● **Data supplied**
================

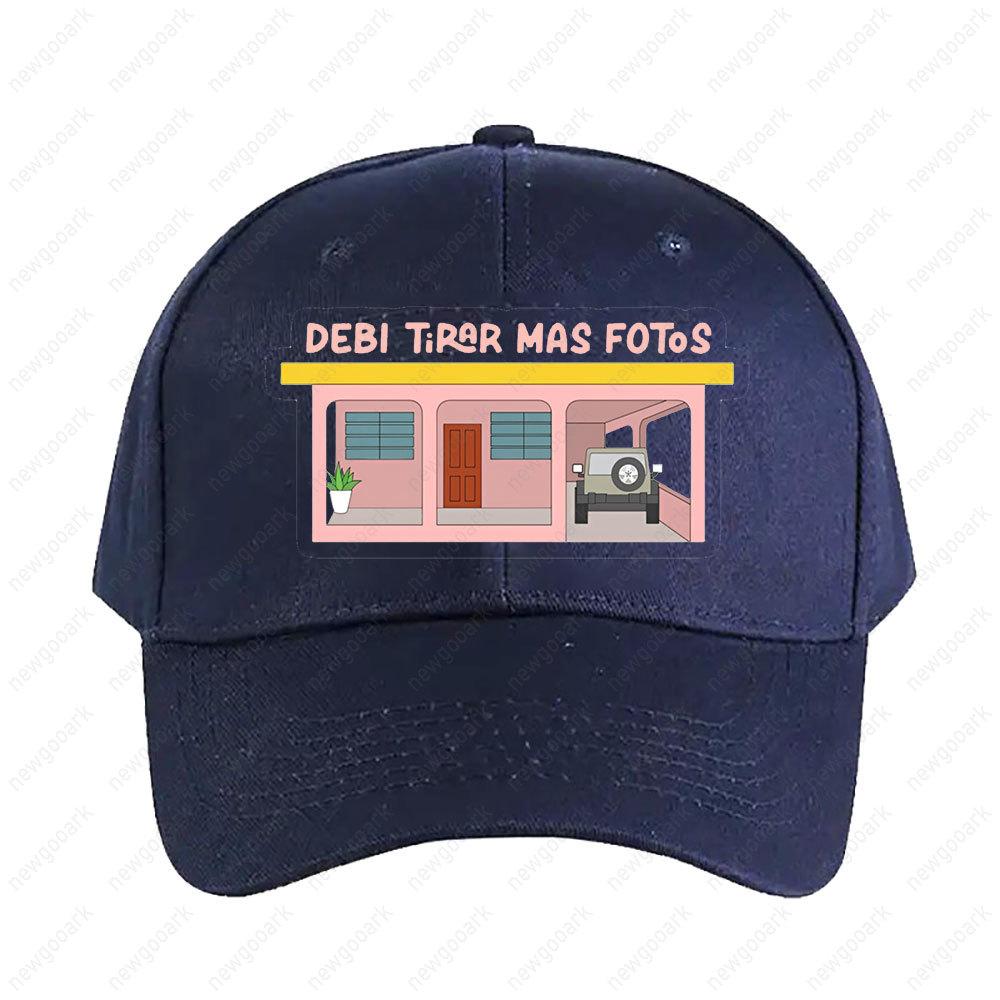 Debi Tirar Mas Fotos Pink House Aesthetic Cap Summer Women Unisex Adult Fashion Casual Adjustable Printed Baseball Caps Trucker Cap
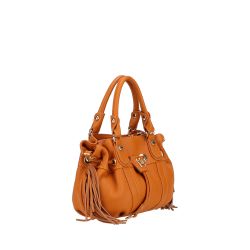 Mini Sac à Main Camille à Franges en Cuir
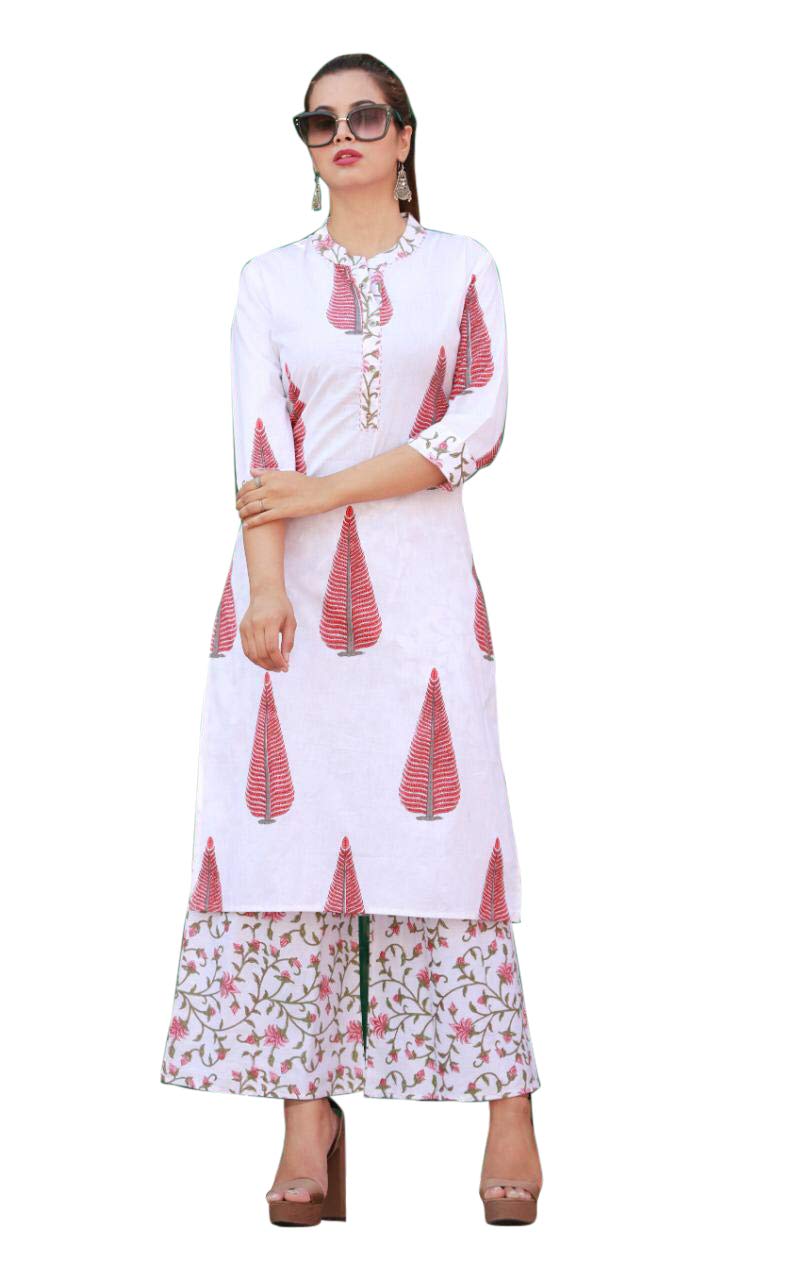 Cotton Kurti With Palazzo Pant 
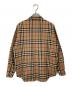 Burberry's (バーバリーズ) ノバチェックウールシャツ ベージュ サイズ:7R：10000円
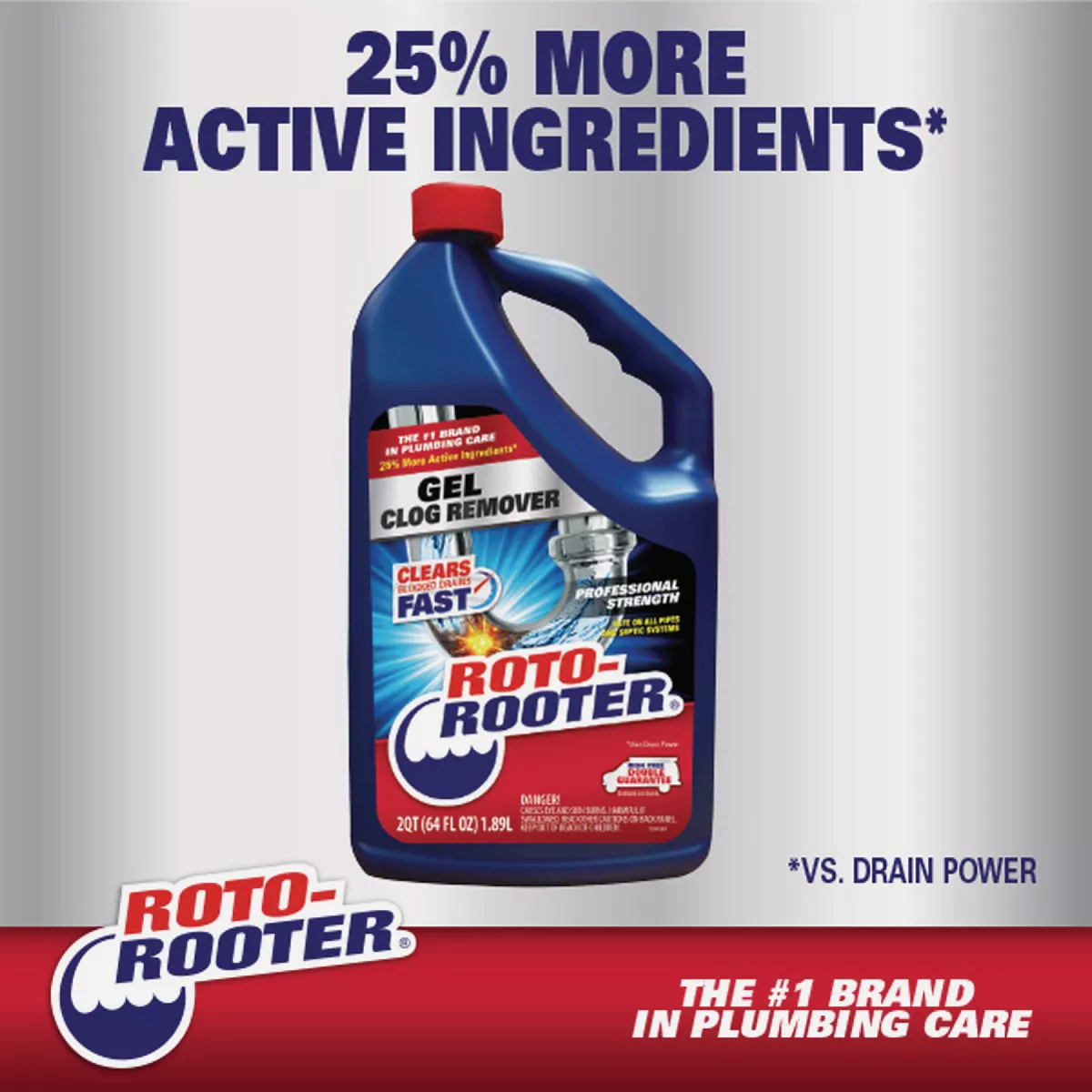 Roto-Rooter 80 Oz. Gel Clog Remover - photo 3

================

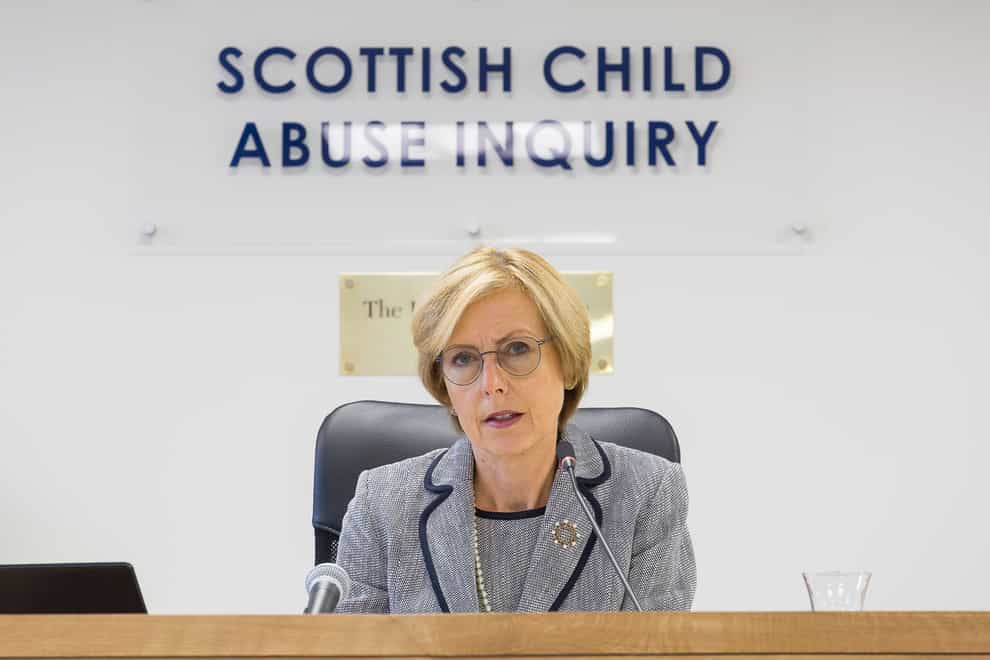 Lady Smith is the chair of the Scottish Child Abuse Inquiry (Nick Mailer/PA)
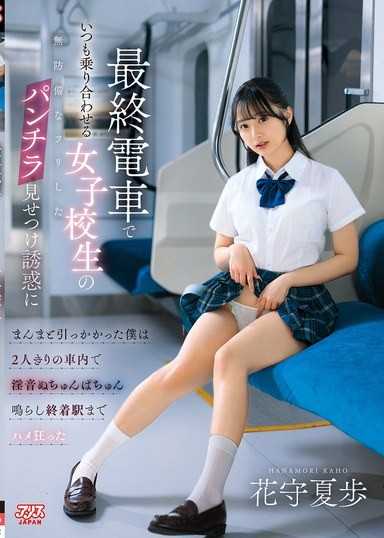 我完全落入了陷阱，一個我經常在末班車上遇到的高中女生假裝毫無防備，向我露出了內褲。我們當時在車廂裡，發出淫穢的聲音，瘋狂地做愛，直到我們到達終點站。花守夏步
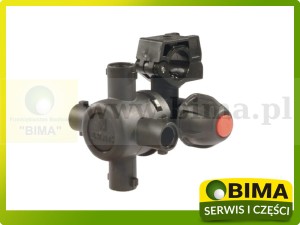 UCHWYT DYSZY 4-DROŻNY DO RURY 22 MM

================

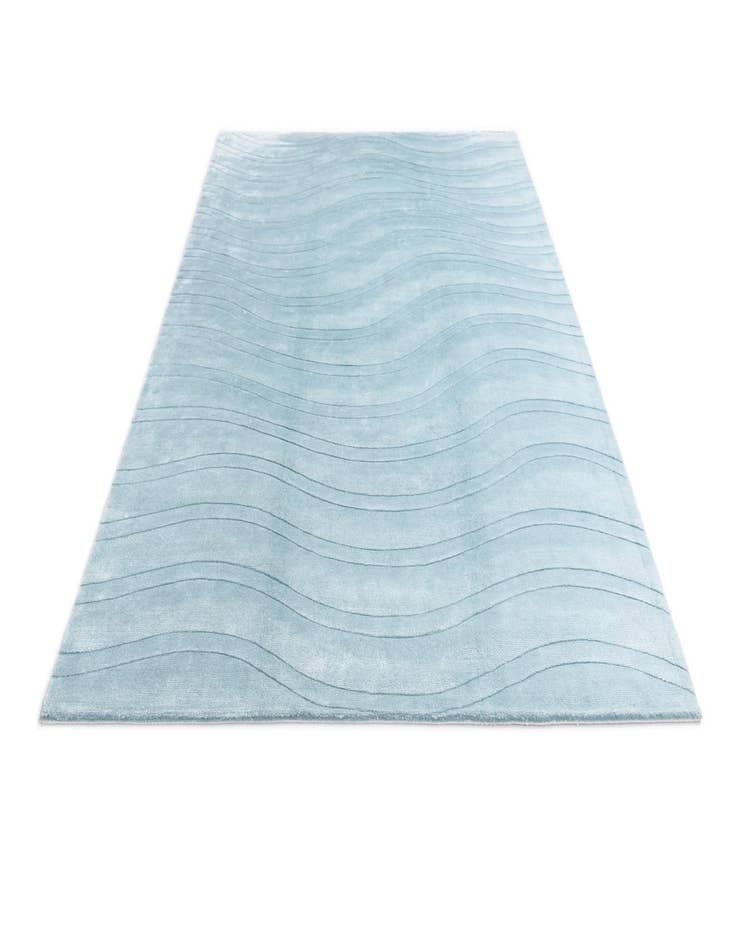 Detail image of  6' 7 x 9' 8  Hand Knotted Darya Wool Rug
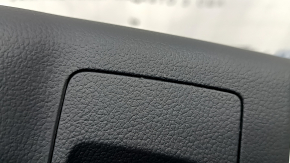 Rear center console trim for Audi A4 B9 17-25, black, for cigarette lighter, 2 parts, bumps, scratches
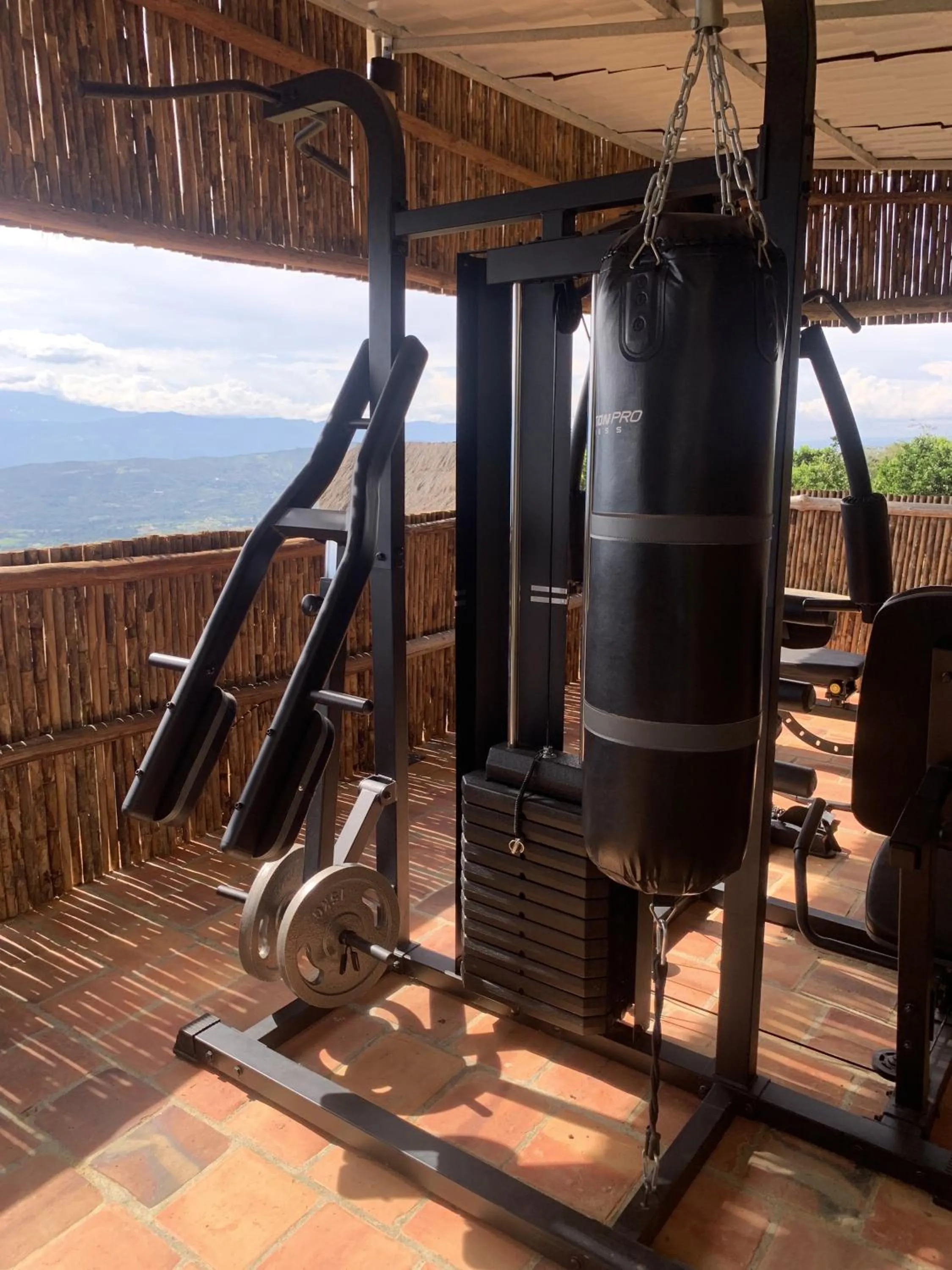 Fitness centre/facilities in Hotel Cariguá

================

● **What you are asked to do**
Quote the lines above exactly, starting with the one that has "Debi Tirar Mas" and ending with the one that has "Roto-Rooter 80 Oz."; drop the pictures and include nothing else.

● **Solution to this exercise**
 Debi Tirar Mas Fotos Pink House Aesthetic Cap Summer Women Unisex Adult Fashion Casual Adjustable Printed Baseball Caps Trucker Cap
 Mini Sac à Main Camille à Franges en Cuir
 Cotton Kurti With Palazzo Pant 
 Burberry's (バーバリーズ) ノバチェックウールシャツ ベージュ サイズ:7R：10000円
 Roto-Rooter 80 Oz. Gel Clog Remover - photo 3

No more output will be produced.